DATA SUPPLIED:
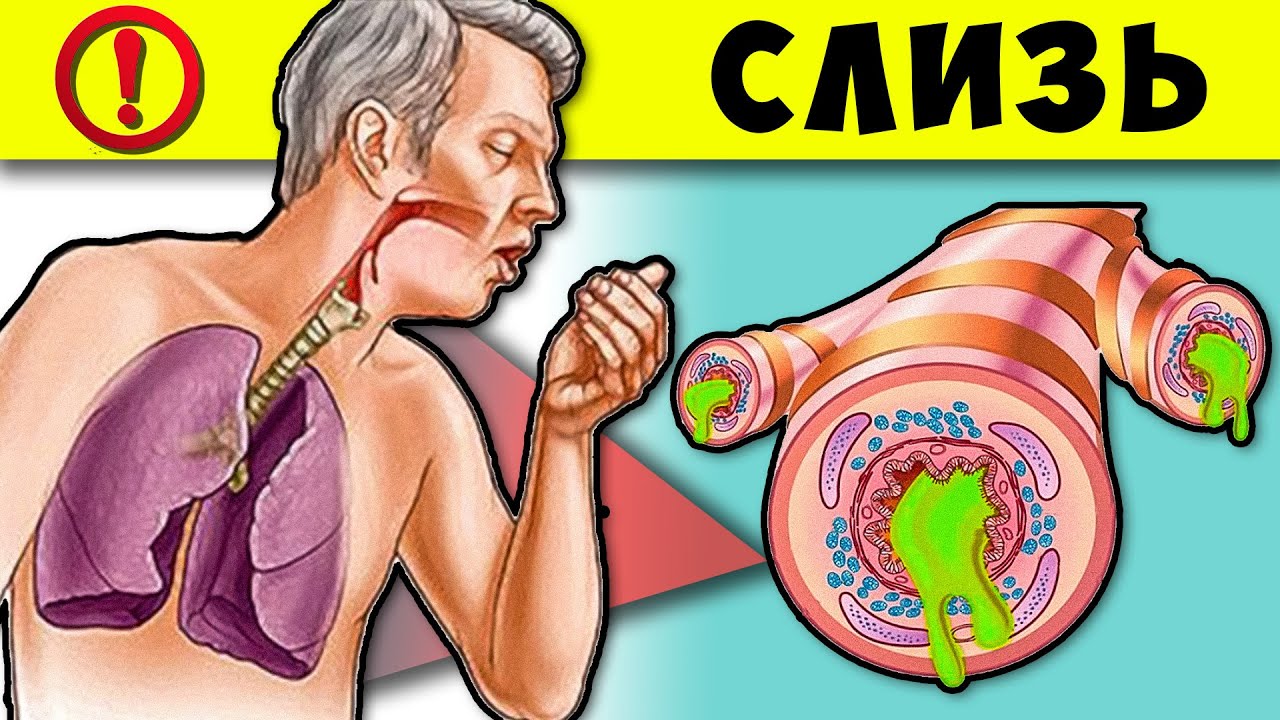 Моментально рассосёт Слизь и Мокроту! Простые методы спасут Бронхи и Горло...
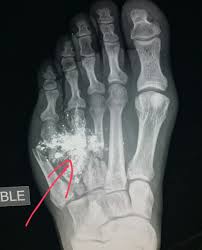 Damage may include bleeding, broken bones, organ damage, infection of the wound. Pin On X Rays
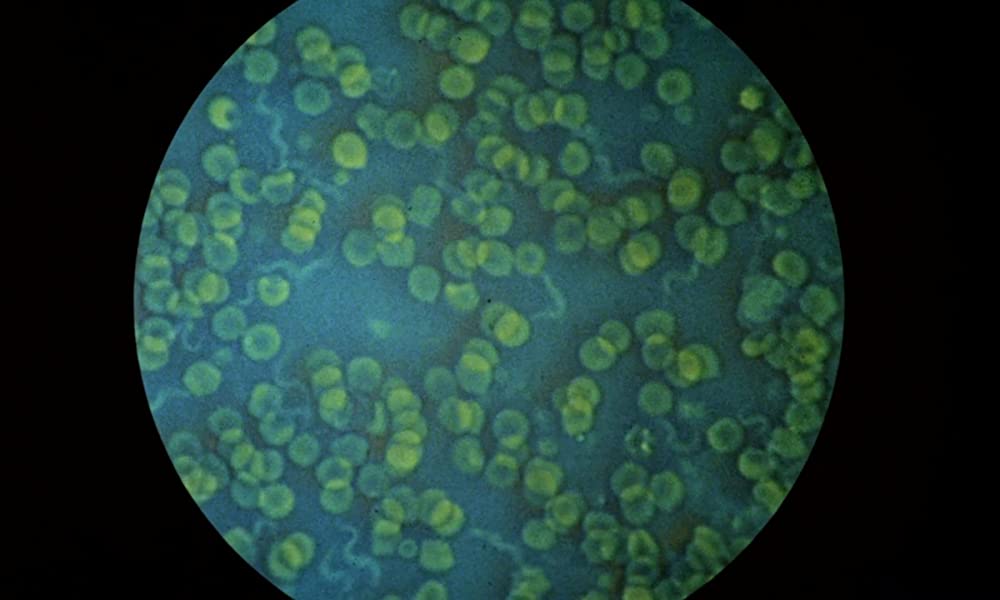 ワンダーウォールの画像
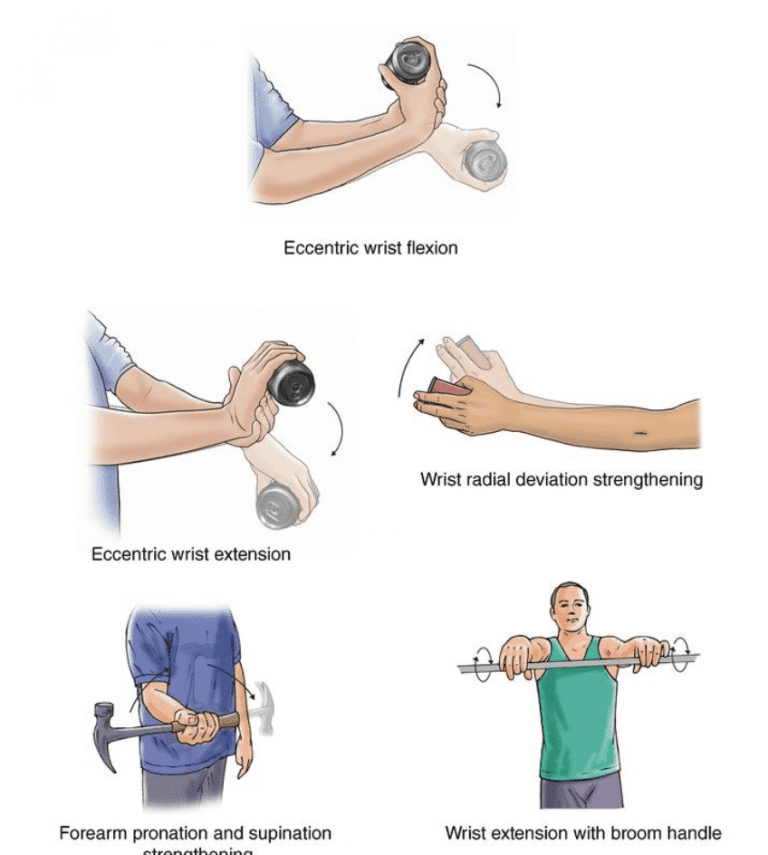 Exercises For Elbow Pain | GMphysio
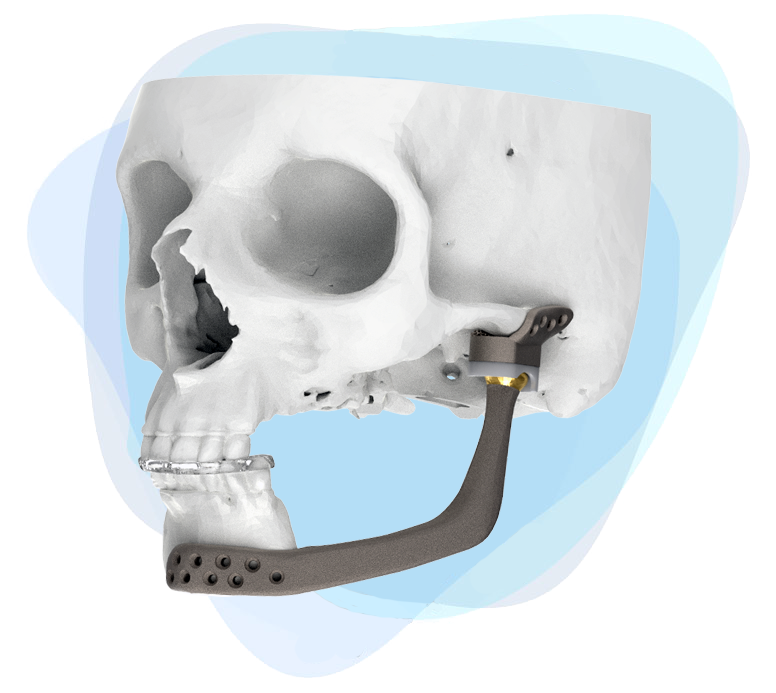 Reconstrucción de la articulación temporo-mandibular (ATM)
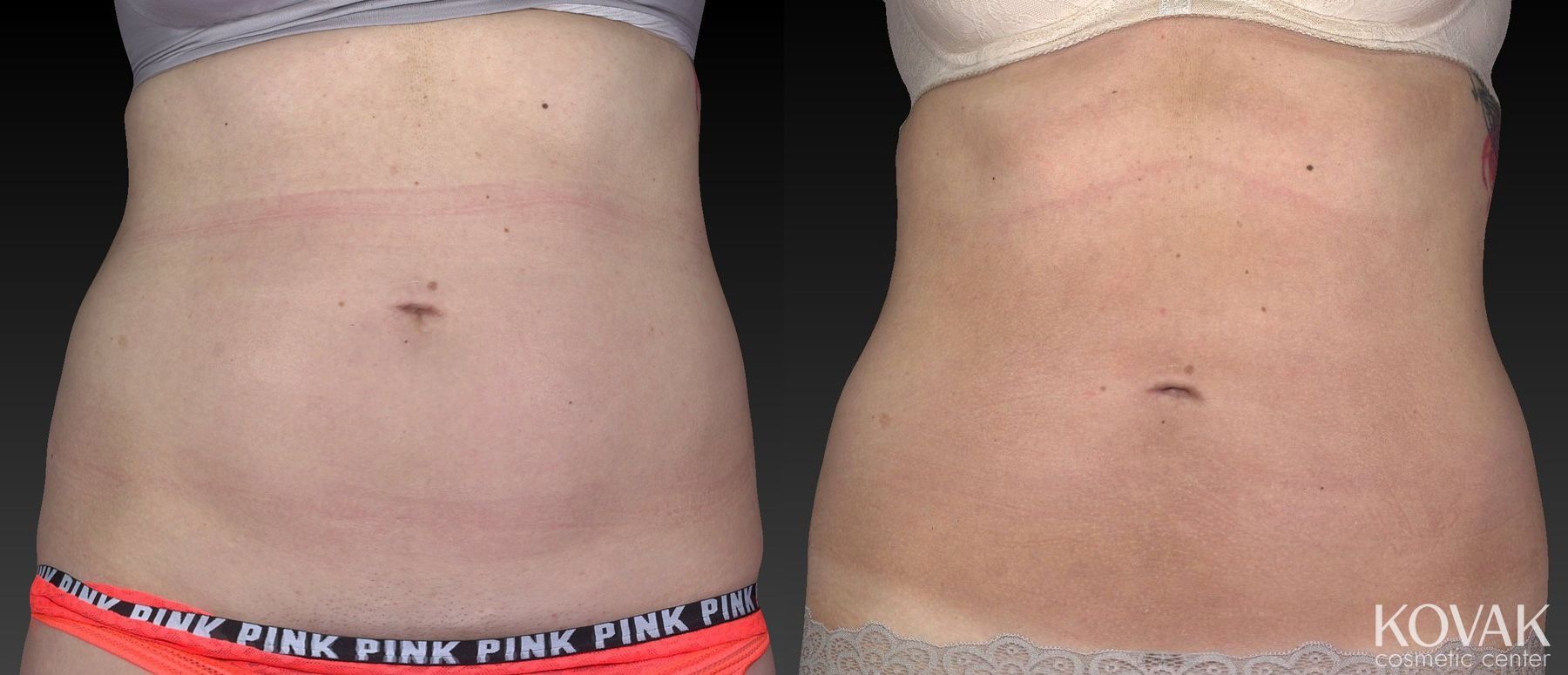 Before and after CoolSculpting® case 36619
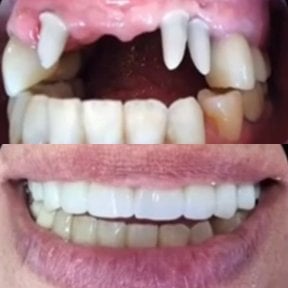 Résultats avant et après pose de couronnes dentaires chez PyraMedicine – sourire restauré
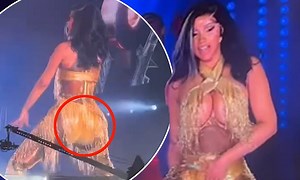 Cardi B suffers a wardrobe malfunction as her outfit rips on stage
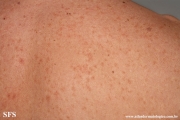 telangiectasia_macularis_eruptiva_perstans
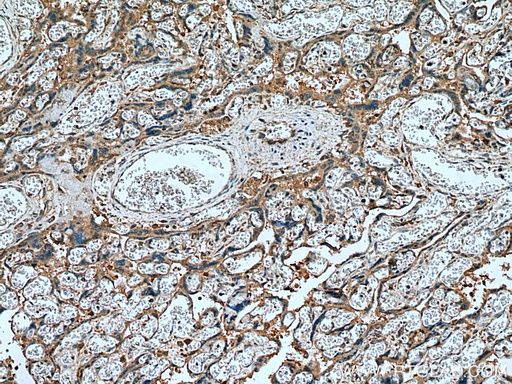 [10642-1-AP-20UL] Placental Growth Factor Polyclonal antibody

TASK DIRECTIONS: Pictures are to be left out; set down everything else in the records exactly.

ANSWER TO THE EXERCISE:
 Моментально рассосёт Слизь и Мокроту! Простые методы спасут Бронхи и Горло...
 Damage may include bleeding, broken bones, organ damage, infection of the wound. Pin On X Rays
 ワンダーウォールの画像
 Exercises For Elbow Pain | GMphysio
 Reconstrucción de la articulación temporo-mandibular (ATM)
 Before and after CoolSculpting® case 36619
 Résultats avant et après pose de couronnes dentaires chez PyraMedicine – sourire restauré
 Cardi B suffers a wardrobe malfunction as her outfit rips on stage
 telangiectasia_macularis_eruptiva_perstans
 [10642-1-AP-20UL] Placental Growth Factor Polyclonal antibody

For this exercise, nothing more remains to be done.